Friday, September 3, 2010

A Momment In Time-September 1993

There are, clearly times in our lives that become quite definitive;some take us down positive tracks, others down a negative track, which can be harder to get off.

In the last 17 years in particular, there have been many defining moments; some I feel I handled well, others I did not, but then who does? The death of my mother, after a 10 day battle with cancer was like a slap in the face with a wet tuna. How could she be gone? How could she be here one minute and not the next? Where did she go? How was I going to go on with out her in my life? Without our daily phone calls? Without our weekly shopping trips? How was I going to build a house, move away and do it all with two small children, who were lost as to where their beloved Nanny had gone.

In the years after her death, I have come to realise, that my mother's dying allowed me to have the courage to make decisions that I would not have made had she still been here; however that is another moment in time!

We were building a new house, owner building non the least, travelling up and down the highway with two small kids in tow, over seeing the sub contractors, running around for building materials, insulation, plaster moulds and fittings.

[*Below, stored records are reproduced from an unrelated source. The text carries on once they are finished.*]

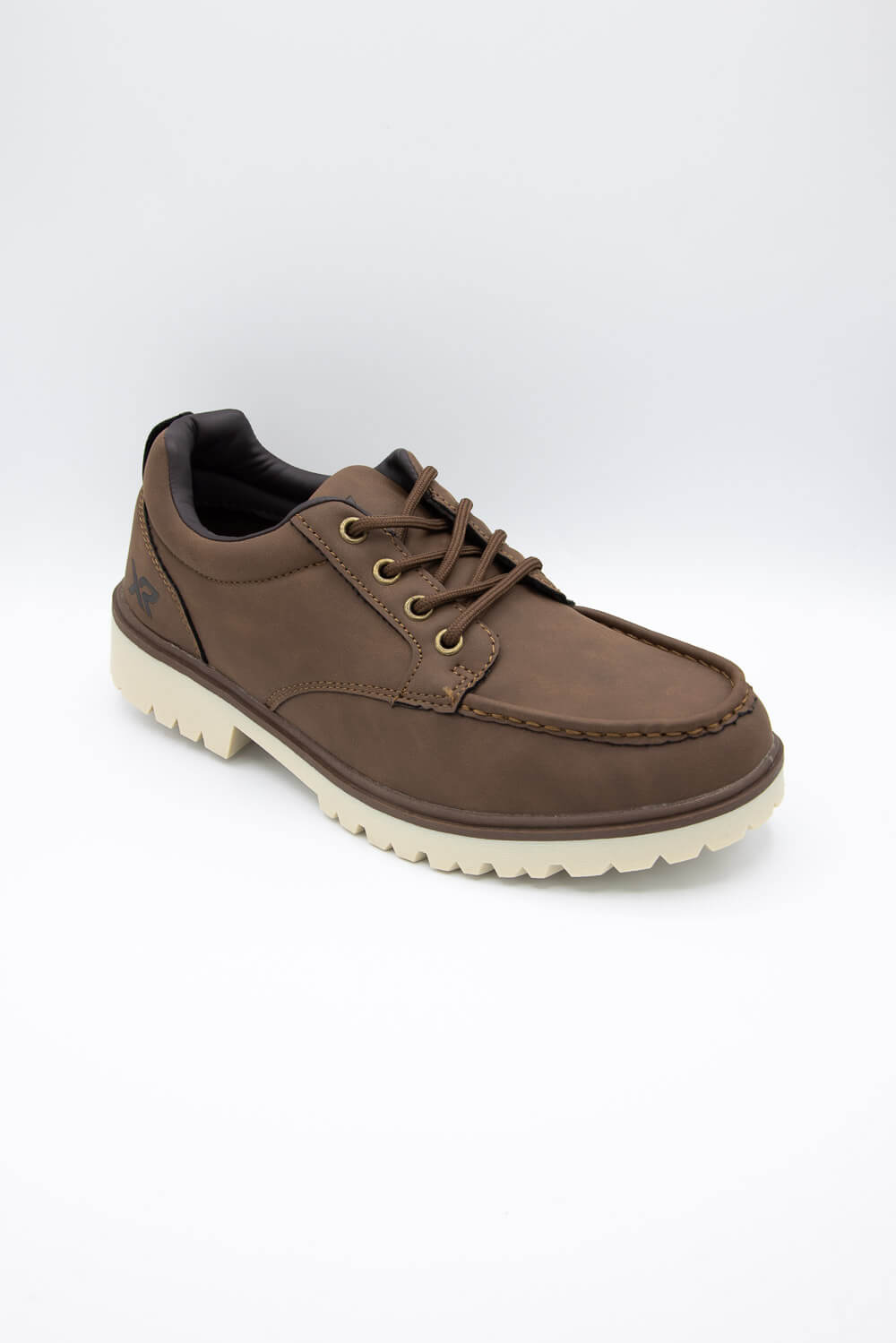 Xray Footwear Lace Up Lug Shoes for Men in Brown | XRW2524-BROWN – Glik's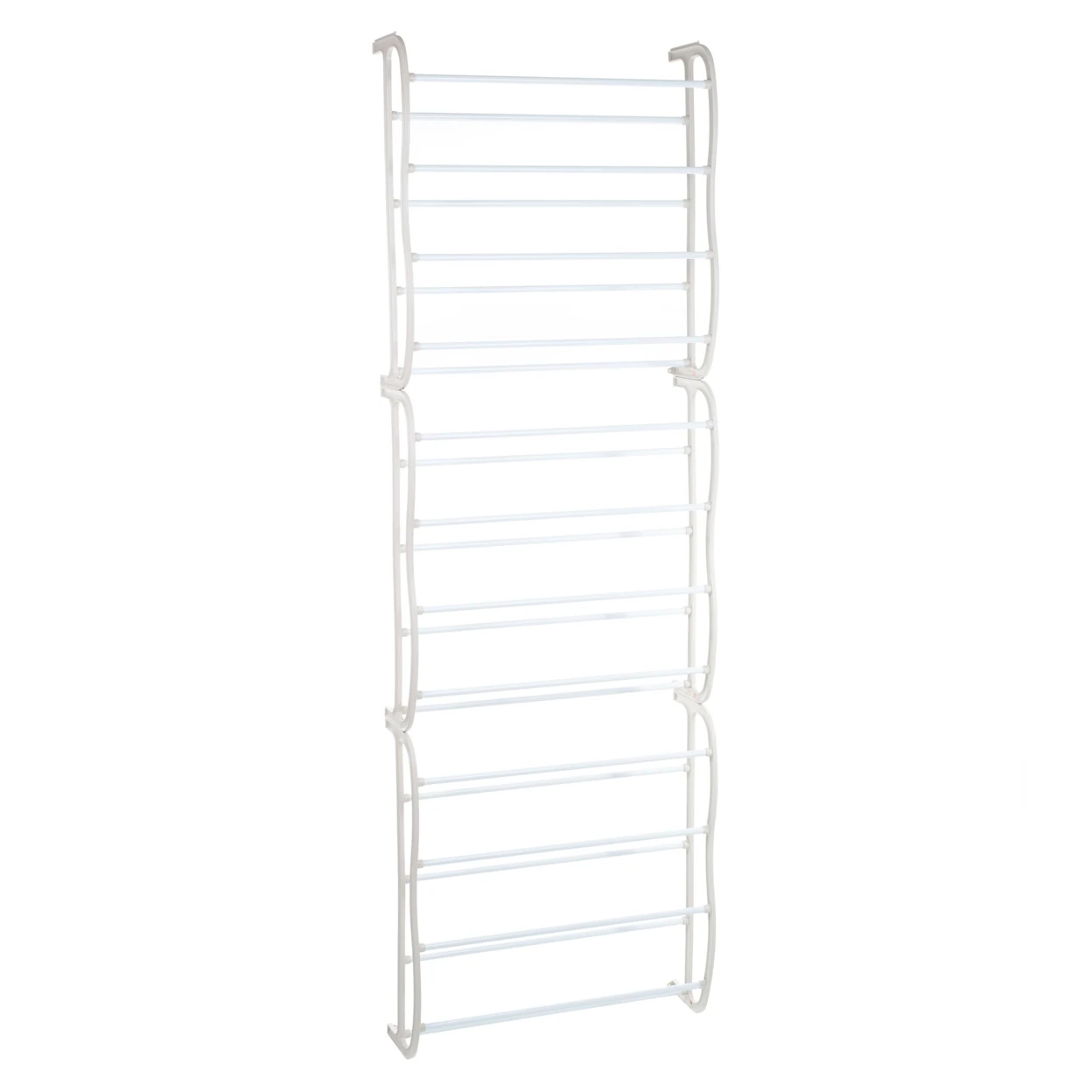 Lavish Home Over the Door Shoe Rack Organizer - Fits 36 Shoes (2)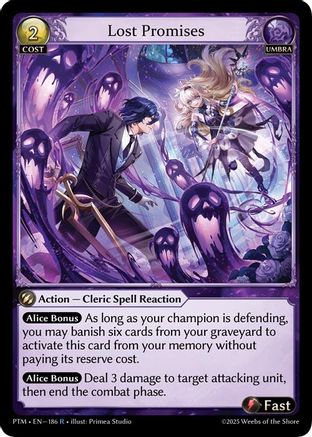 Lost Promises (186) - Phantom Monarchs Foil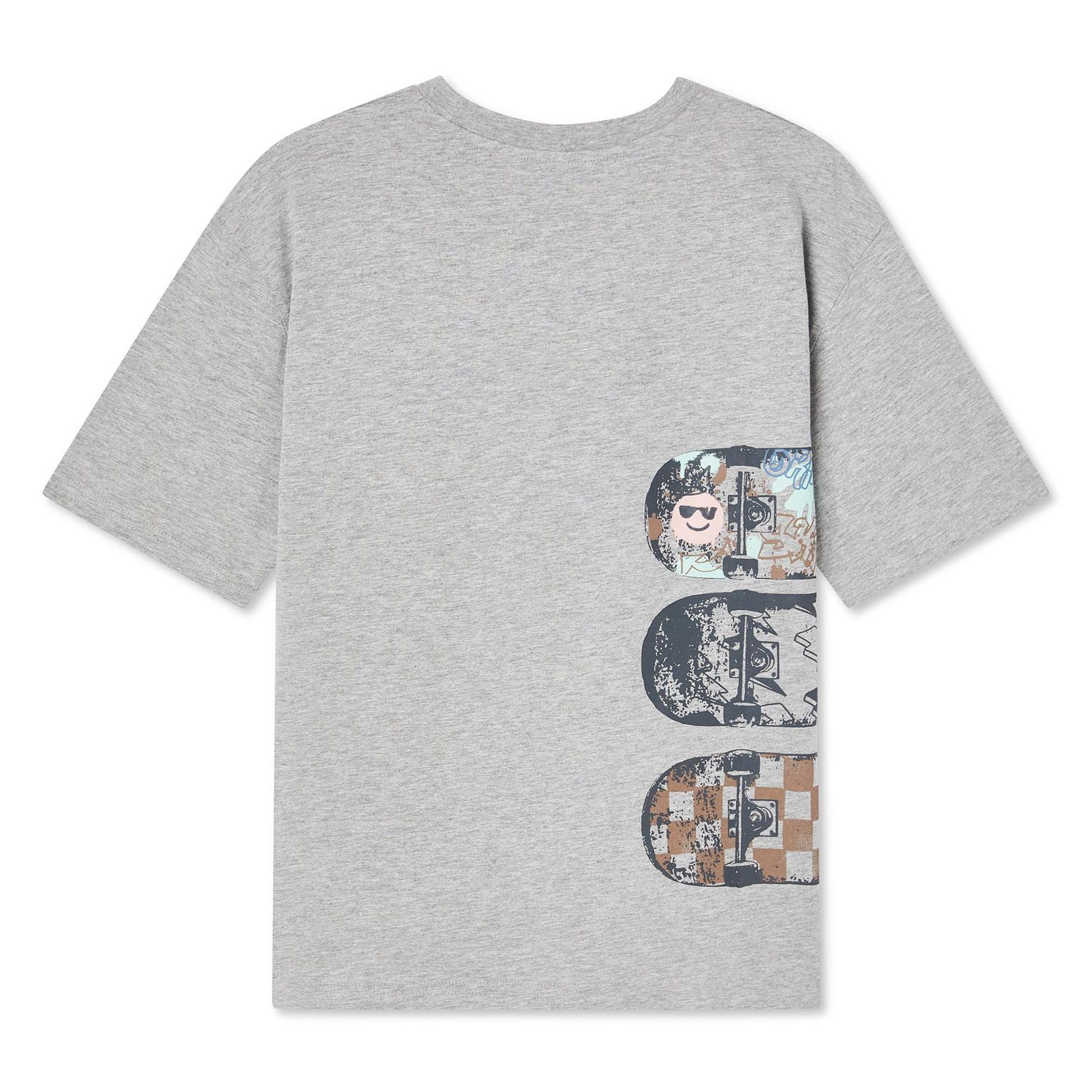 George Boys' Oversized Crew Neckline Tee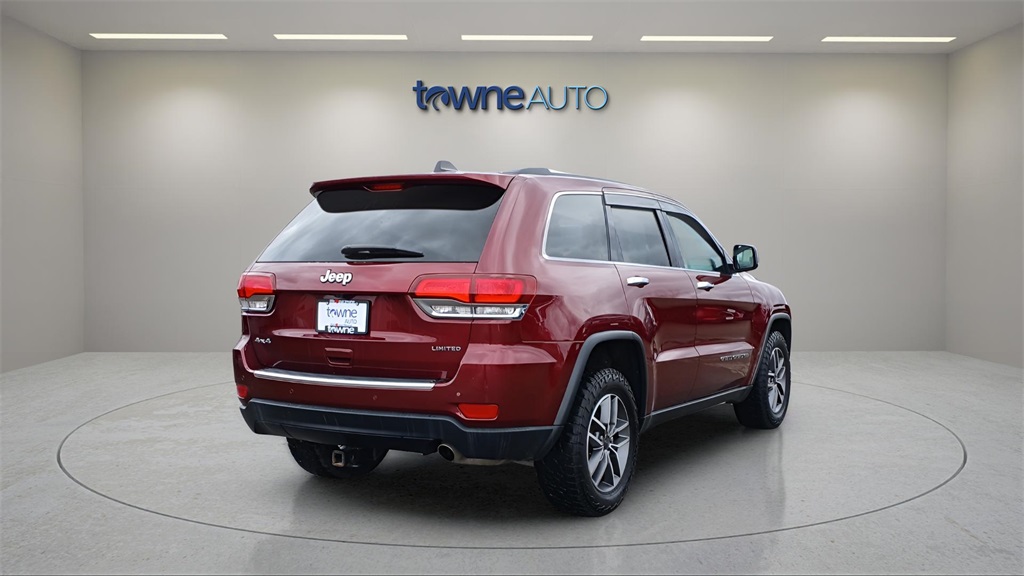 2020 Jeep Grand Cherokee Limited photo 5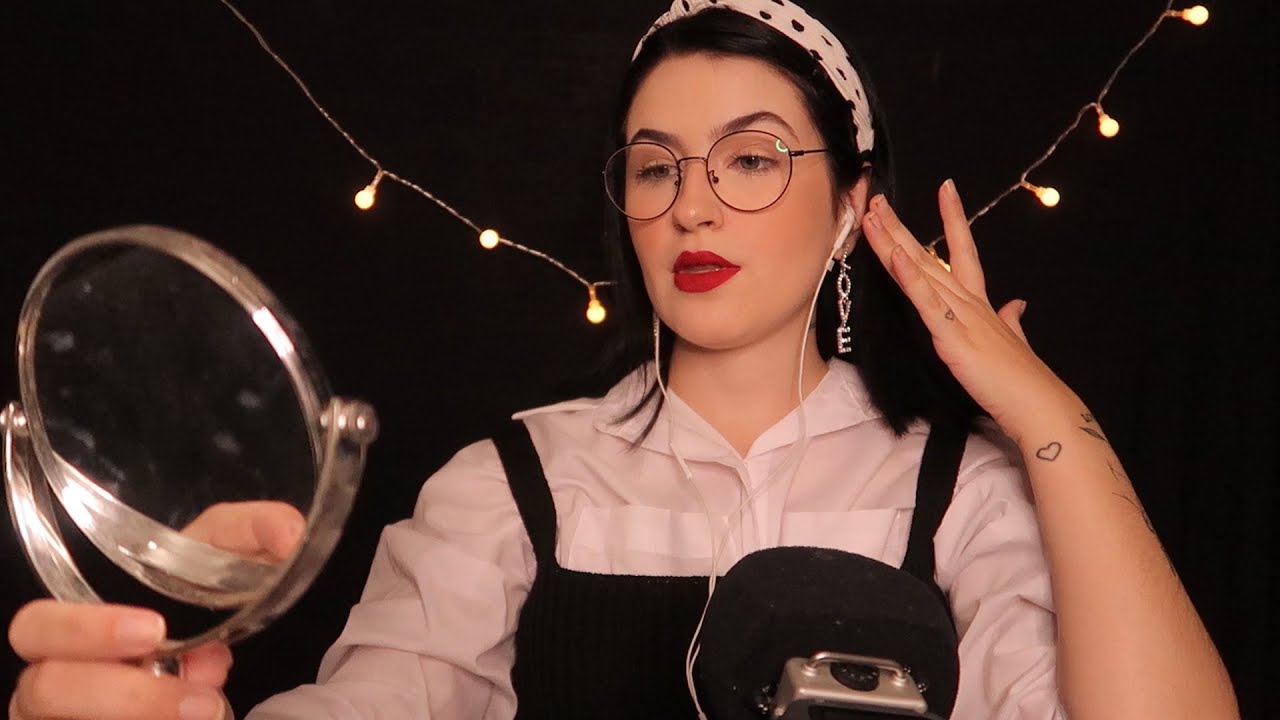 ASMR - JULIETTE BBB21 SE MAQUIANDO!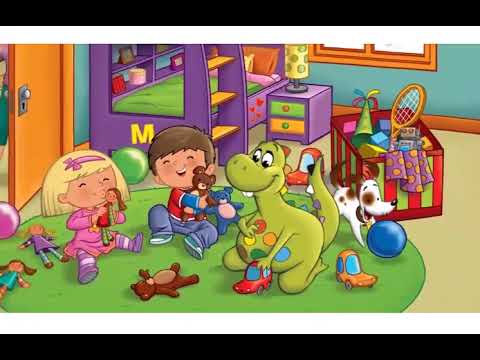 Dex 0 Unit 3 Toys (Let's tidy up)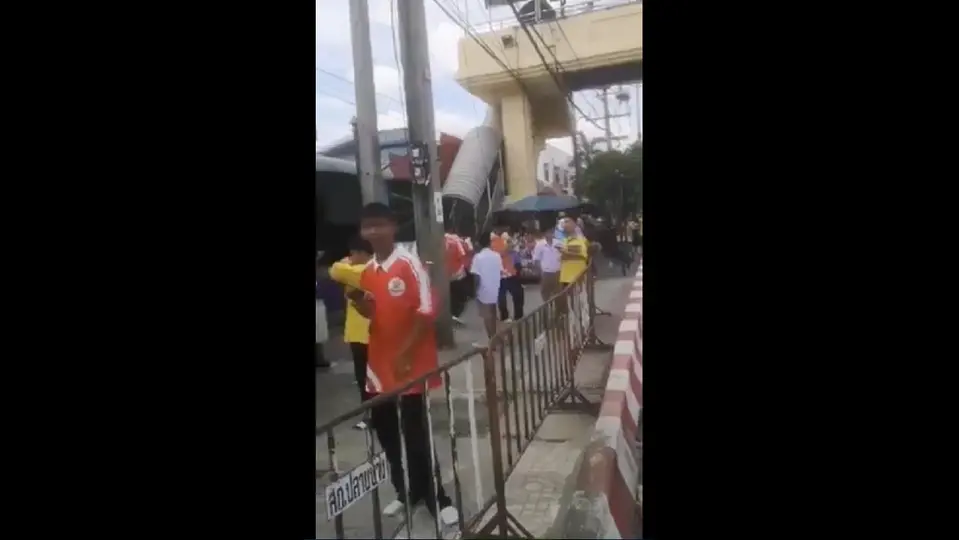Una escuela de Tailandia se vio amenazada por un joven tirador / Redes Sociales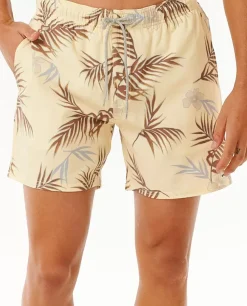 Calções Surf Revival Floral Volley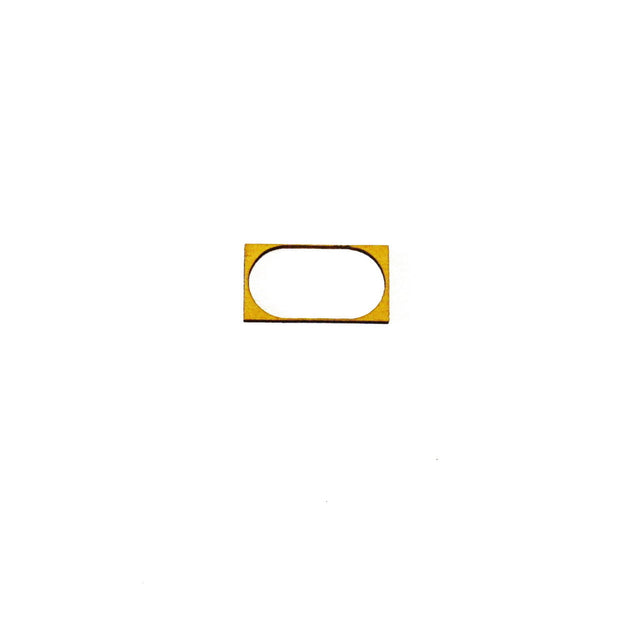 Soundtraxx Soundtraxx 25 x 14mm Speaker Gasket Kit (pkg. of 4) - 810121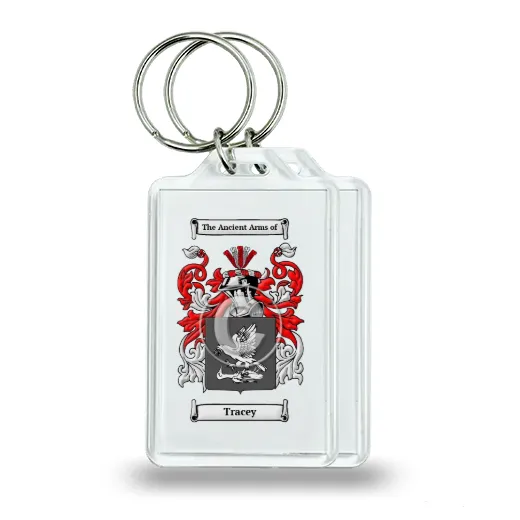 Tracey Pair of Keychains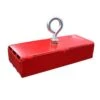 Paulin Heavy-Duty Lifting Magnet With Eyebolt - Red - 150-lb Load Capacity -Tool Nomic Sales 63865580 L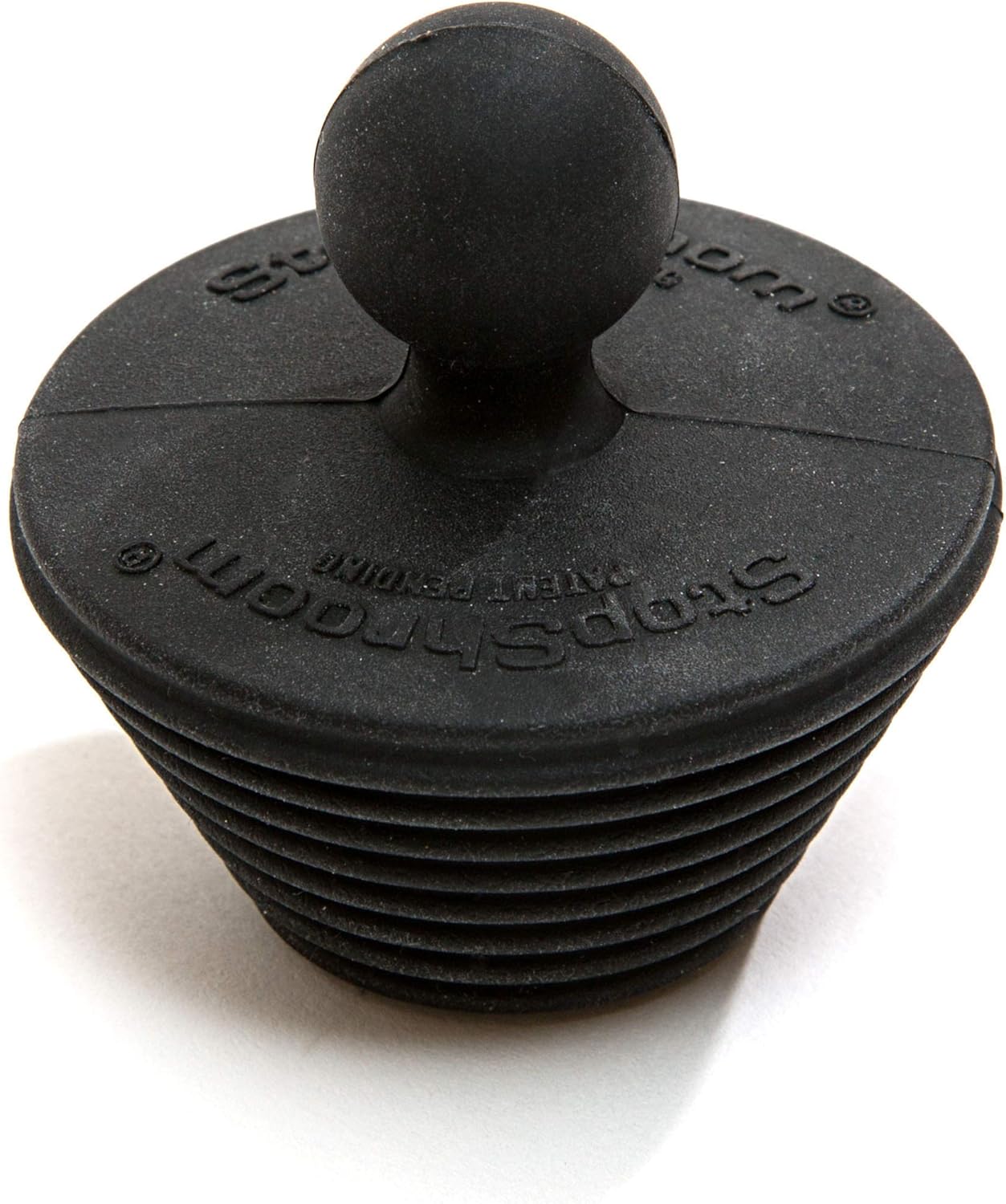 StopShroom Tub 2 Pack Universal Drain Stopper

How did I do it? I know not, because that time to me is very fuzzy. I think I was simply running on adrenaline, running away from my feelings, so that I wouldn't have to feel the same things that I could see etched on my father's face. My mother's death probably effected him the most. To hear him down in the garage, crying, so my brother and I wouldn't see him, wouldn't see his weakness, broke my heart and I realised how much my father truely loved my mother, even after all those years, even after all those fights, they loved one another.

And so 17th September 1993 became a defining moment in my life, yet I did not realise what a profound effect it would eventually have on me, on my children, on my brother and father for years to come. I needed to travel a path, but which one to take?